> [DATA SECTION]
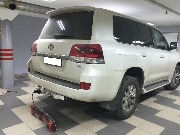 Тойота Ленд Крузер 200 - установка фаркопа.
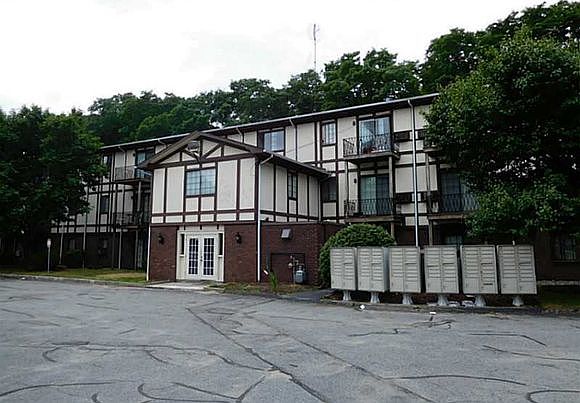 1st image of 79 Ivan St APT 13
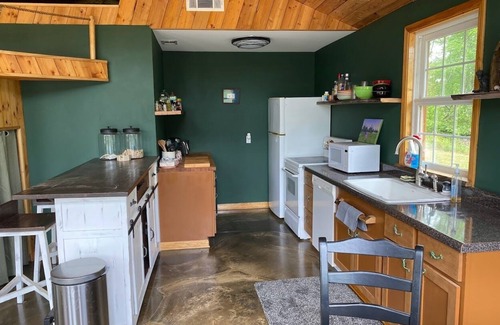 White Plains Casa | Top Alrbnb destination now on VRBO! Lake House on private lake -fishing / horses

> [HOW TO COMPLETE THIS TASK] Transcribe the full listing above exactly, with the images removed.

> [SOLUTION FOR THIS EXERCISE]
 Тойота Ленд Крузер 200 - установка фаркопа.
 1st image of 79 Ivan St APT 13
 White Plains Casa | Top Alrbnb destination now on VRBO! Lake House on private lake -fishing / horses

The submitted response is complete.